Pick 2 (31st): Mikie Mahtook
He has close to 1,000 plate appearances in the big leagues in which he has accumulated 0.3 WAR.
Pick 3 (32nd): Jake Hager
Hit .242 in the the hitter-friendly environs of the PCL in 2019.
Pick 4 (38th): Brandon Martin
Some draft misses are down to injury. Others are due to failing to develop the skills that were envisaged. In Martin’s case, it is summed up by the headline “Narrowly avoided the Death Penalty.”
Pick 5 (41st): Tyler Goeddel
The third baseman got a decent run of 92 games for the Rays in 2016, but finished the year with 47 OPS+ (100 is league average).
Pick 6 (42nd): Jeff Ames
He never made it to the majors, but posted decent numbers in Double-A and Triple-A, while striking batters out at an impressive rate of more than 10 SO/9. He was last seen pitching for the Sugar Land Skeeters in Indy Ball.

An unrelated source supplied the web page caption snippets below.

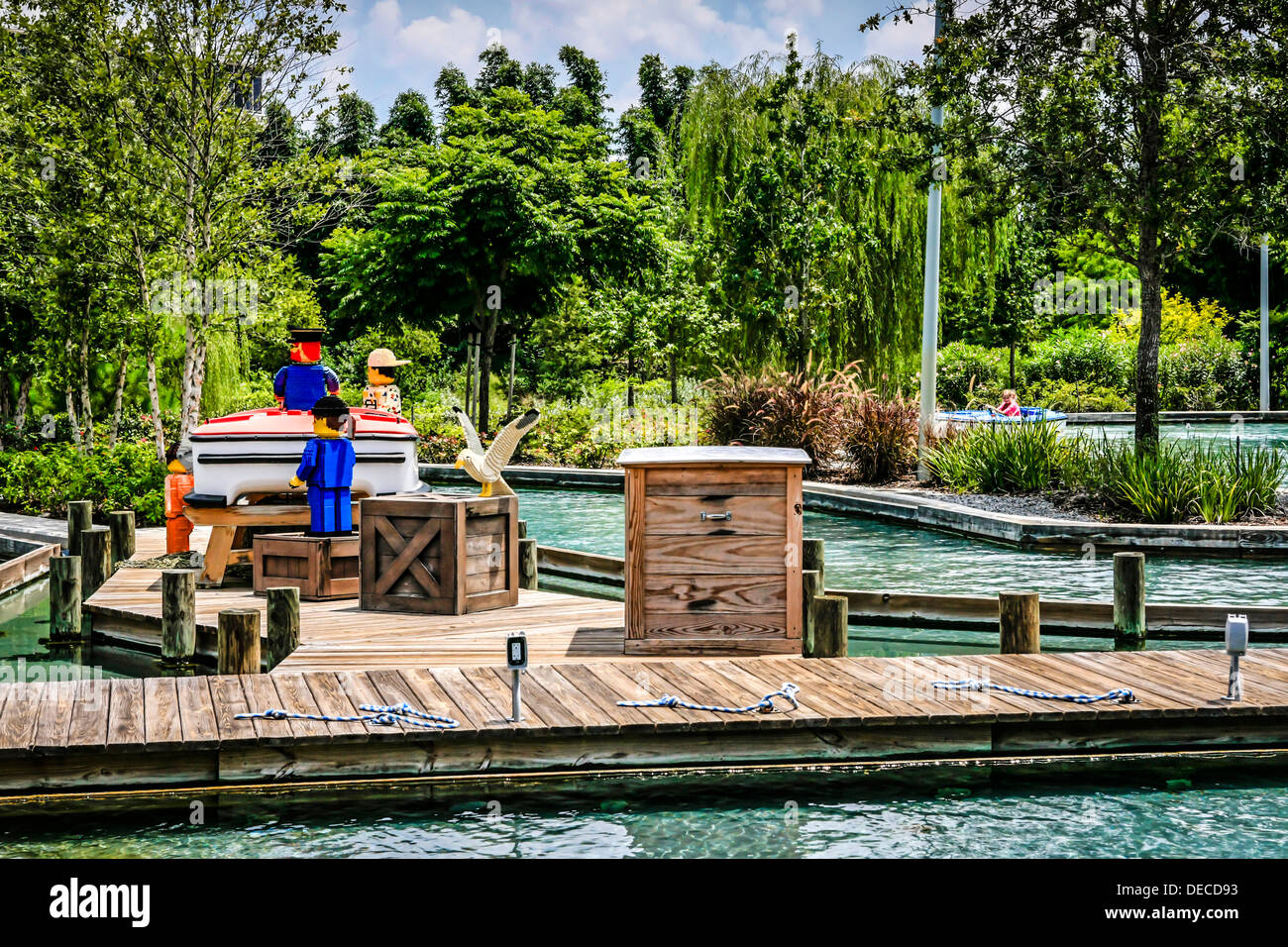 La conduite d'un bateau au parc à thème Legoland Florida Banque D'Images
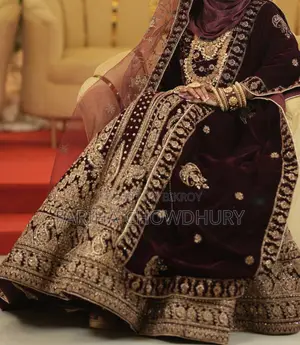 ব্রাইডাল লেহেঙ্গা বিক্রির জন্য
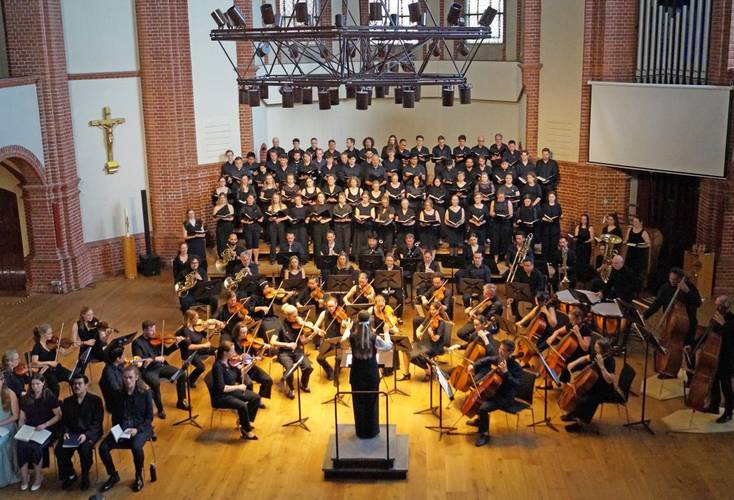 Der Chor der Hochschule für Musik „Hanns Eisler“ Berlin mit dem Chor und Symphonieorchester der Hochschule München, Mai 2026 – Der Chor der Hochschule für Musik „Hanns Eisler“ Berlin mit dem Chor und Symphonieorchester der Hochschule München im Mai 2026
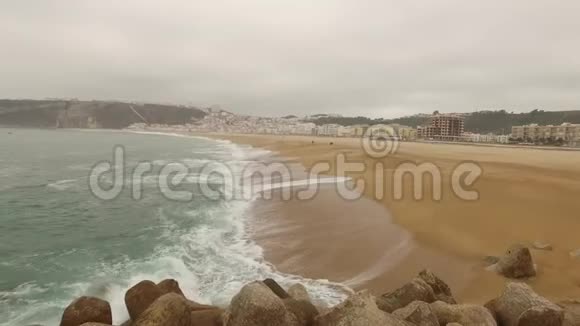 美丽的空海沙滩在纳扎尔葡萄牙空中景观视频的预览图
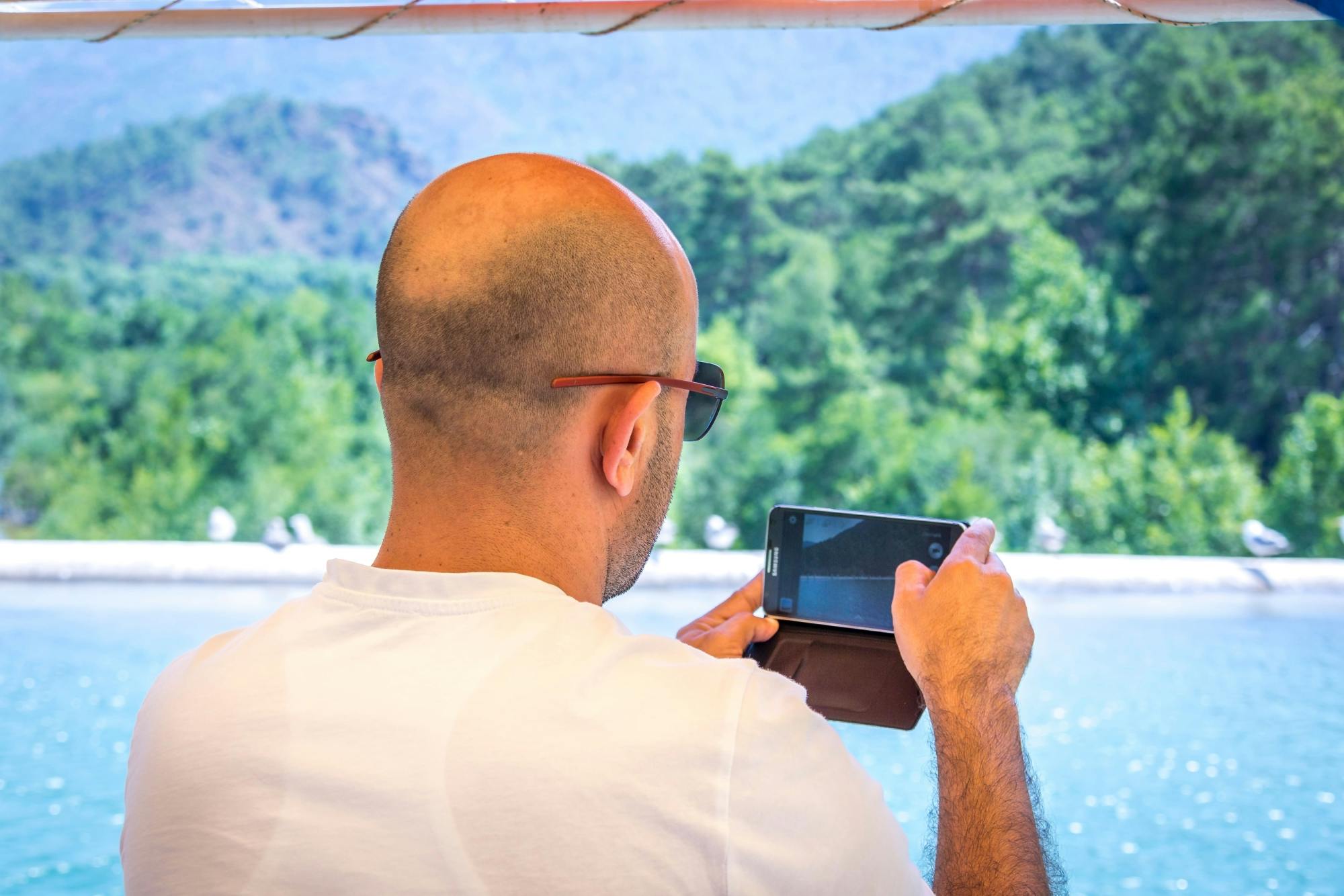 Secret Valley boat tour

Want to know what talent was available when the Rays selected Goeddel and Ames? Two picks later the Mets drafted Michael Fulmer, then the Rockies took Trevor Story immediately ahead of the Blue Jays taking Joe Musgrove with the 46th pick.

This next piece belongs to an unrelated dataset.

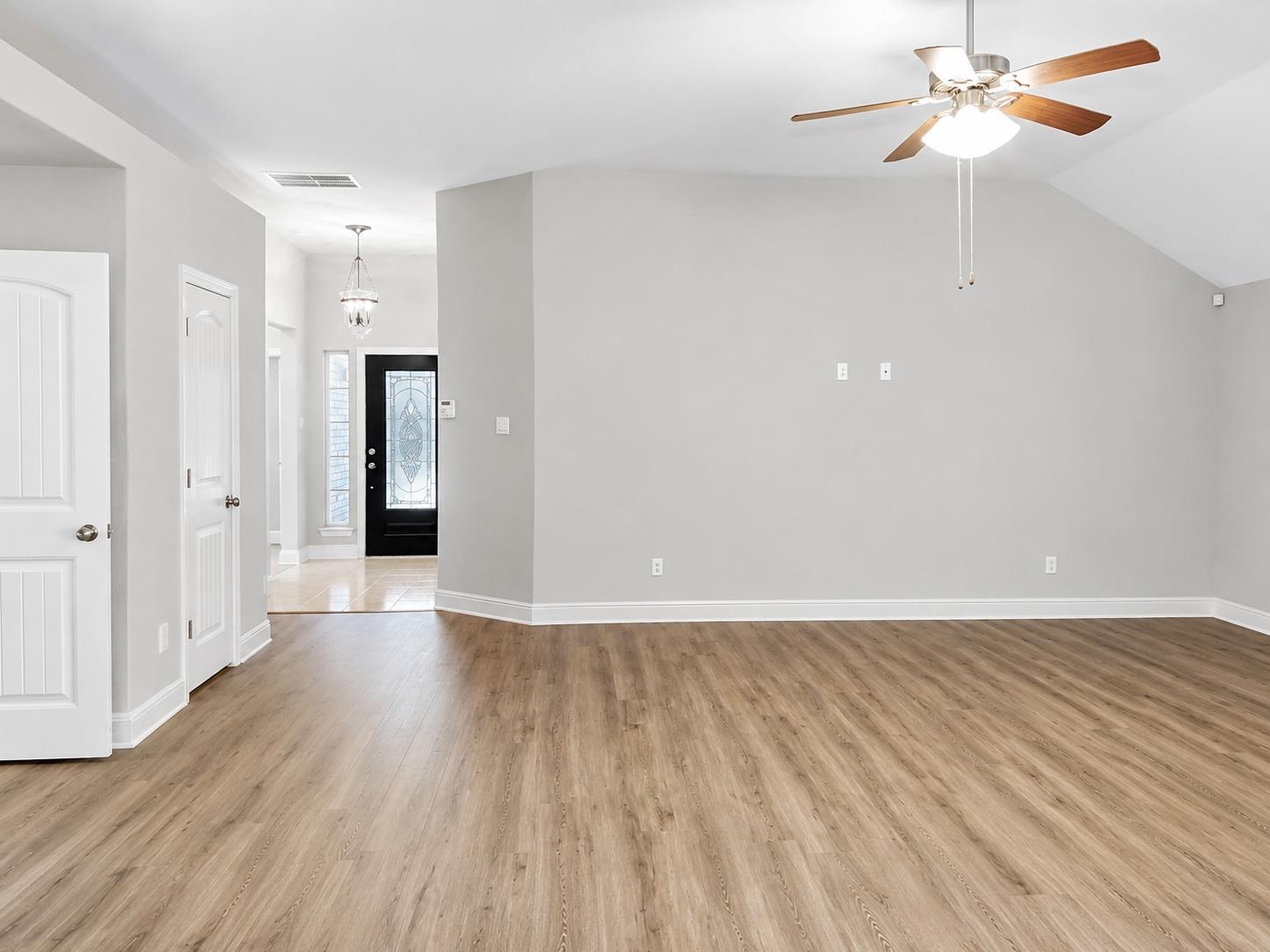 18512 Rio Chama LN — photo 4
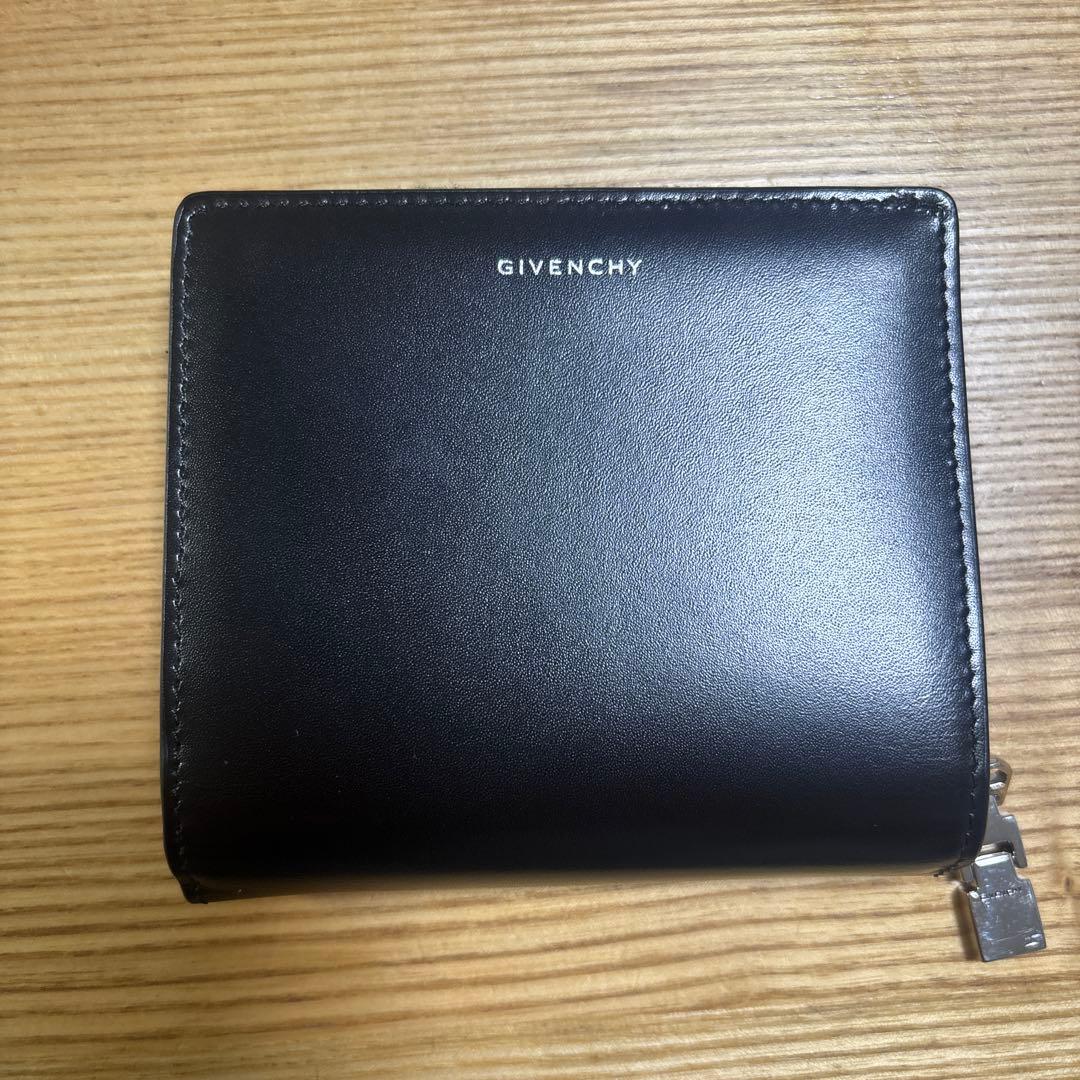 GIVENCHY ブラック 二つ折り財布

Pick 7 (52nd): Blake Snell
Six whiffs and then they hit the jackpot. He was a High Schooler that Baseball America described as “throws 88-92 with a curveball and changeup that are just average at best.”

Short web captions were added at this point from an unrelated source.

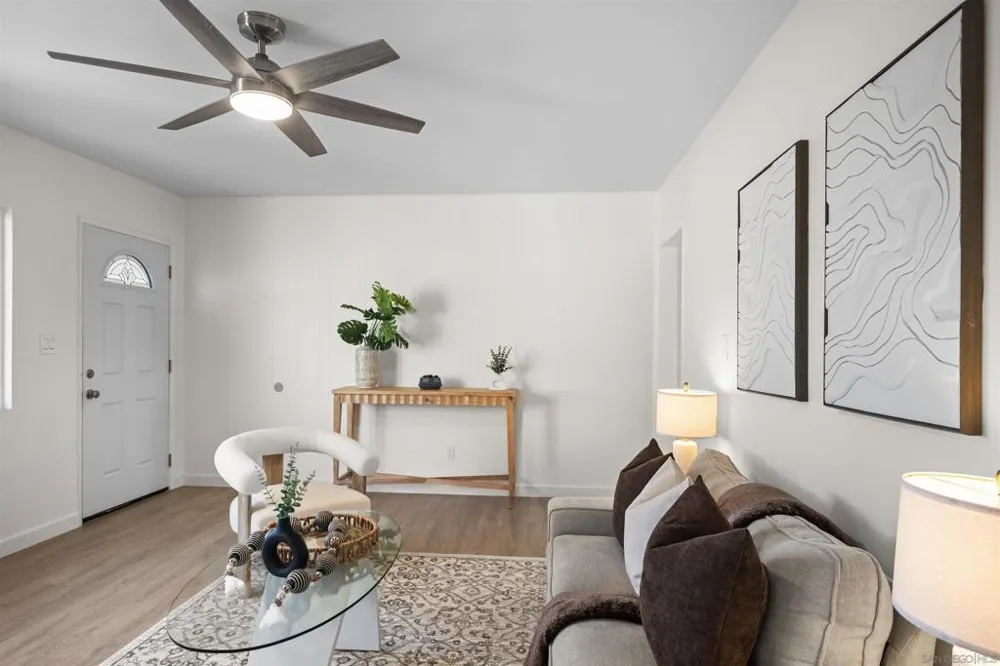 7480 Baltic San Diego, CA 92111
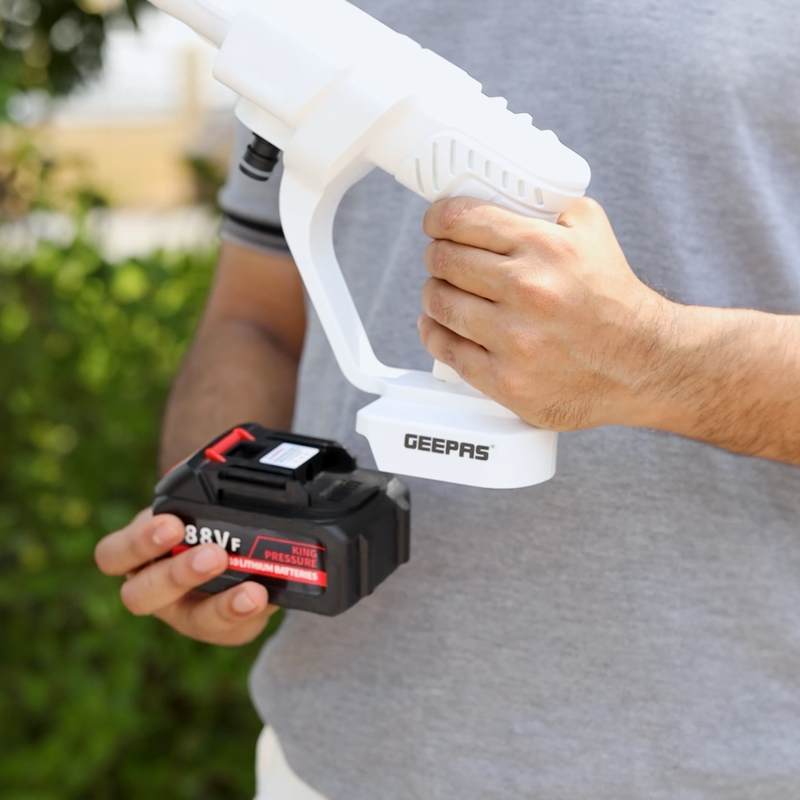 Geepas rechargeable solar & car washer GCW19042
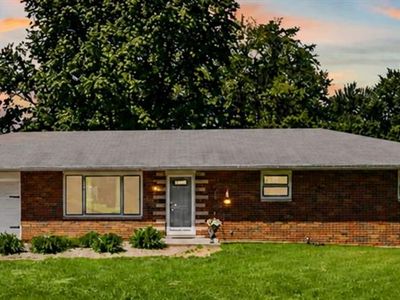 803 Valley Dr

The Cy Young Award winner has turned out to be easily the best left-hander pitcher in the 2011 draft class. Does this one success make up for the other failures?
Pick 8 (56th): Kes Carter
Topped out in Double-A in 2015.
Pick 9 (59th): Grayson Garvin
Pitcher with 1-8 record in Double-A who retired in 2018 and is now a wealth adviser. To be honest, I don’t know what a wealth adviser does, which probably means I don’t need his services.
Pick 10 (60th): James Harris
He racked up nearly 2,000 plate appearances in the minors within the Rays and A’s systems, but the outfielder only played four games above Double-A.
All you really want to know is who the Rays (and the other teams) missed in the 2011 draft, don’t you?
Josh Bell was signed for a massive $5 million signing bonus by the Pirates with the first pick of the second round. The Rays signed their last six picks of the first round for a total of around $5 million. Incidentally, despite 500+ games in the majors, Bell has only accumulated 2.7 WAR, significantly less than Nick Ahmed, James McCann or Brad Miller (who were all also drafted in the second round).
Also in the fifth round, the Rangers selected High School right-hander Brandon Woodruff, but he did not sign, instead opted to attend Mississippi State University. He dropped to the 11th round in 2014 when the Brewers finally selected him.
Other late-draft gems included Marcus Semien (201st, White Sox) and Kyle Hendricks (264th, Rangers), but the best pick of the 2011 draft, in fact, maybe the best pick of the whole decade was when the Red Sox took a 5-foot-9 shortstop out of Overton High School, Tennessee with the 21st pick of the fifth round. He was “a quality athlete who may turn into a baseball player.”